# [AIM OF THE EXERCISE]
Copy, without a single change, each line from the one that holds "New 2025 Jeep Gladiator Sport image 24" to the bottom of the entries below, and drop any pictures.
*** SUPPLIED ENTRIES Section Begins ***
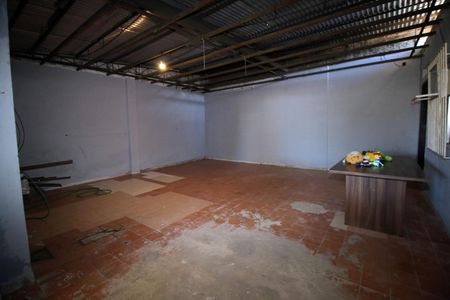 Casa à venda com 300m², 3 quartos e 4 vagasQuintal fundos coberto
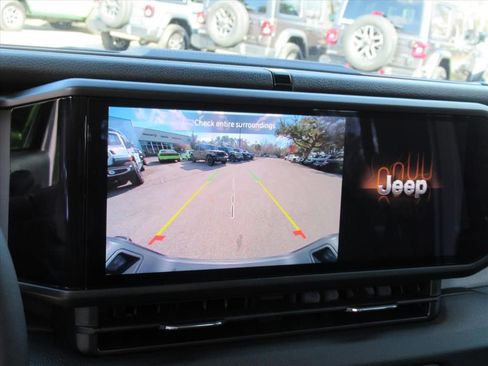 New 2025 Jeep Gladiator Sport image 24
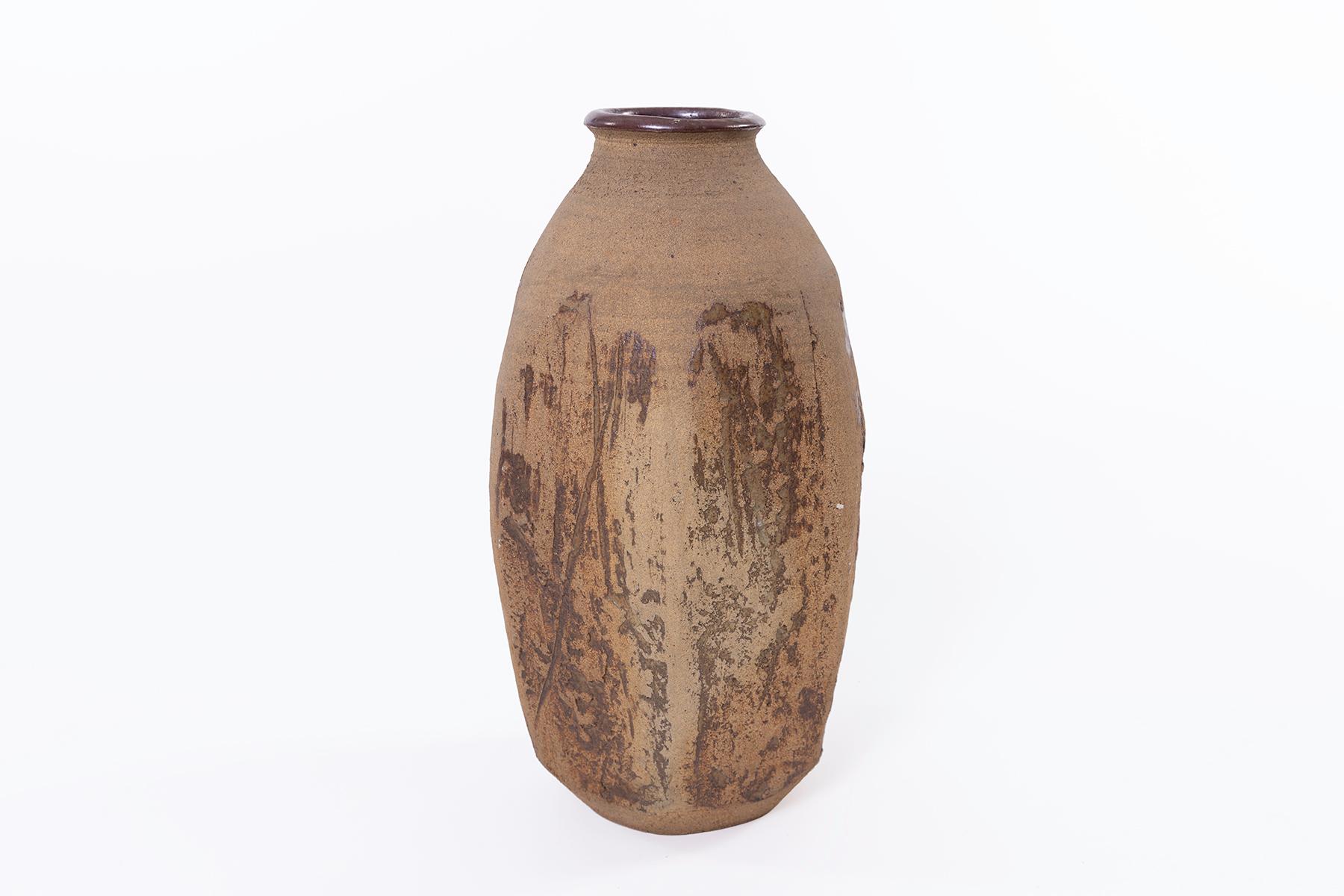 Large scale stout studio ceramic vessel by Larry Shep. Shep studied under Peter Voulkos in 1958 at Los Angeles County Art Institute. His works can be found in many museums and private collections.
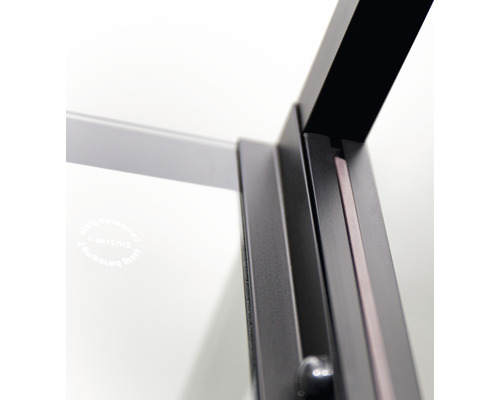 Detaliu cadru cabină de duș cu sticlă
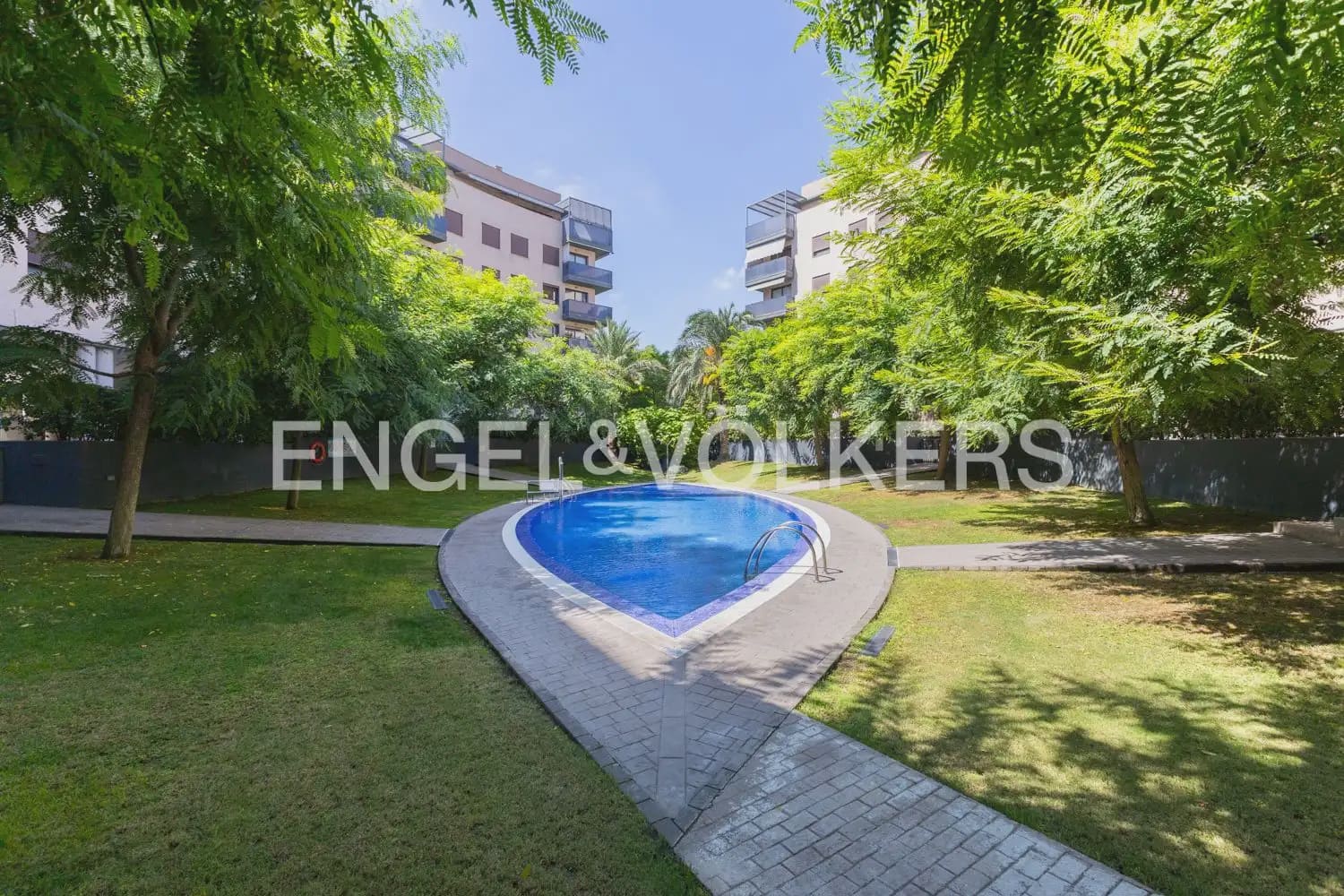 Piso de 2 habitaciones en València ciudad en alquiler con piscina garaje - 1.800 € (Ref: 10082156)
*** SUPPLIED ENTRIES Section Ends ***
# [WRITTEN SOLUTION]
 New 2025 Jeep Gladiator Sport image 24
 Large scale stout studio ceramic vessel by Larry Shep. Shep studied under Peter Voulkos in 1958 at Los Angeles County Art Institute. His works can be found in many museums and private collections.
 Detaliu cadru cabină de duș cu sticlă
 Piso de 2 habitaciones en València ciudad en alquiler con piscina garaje - 1.800 € (Ref: 10082156)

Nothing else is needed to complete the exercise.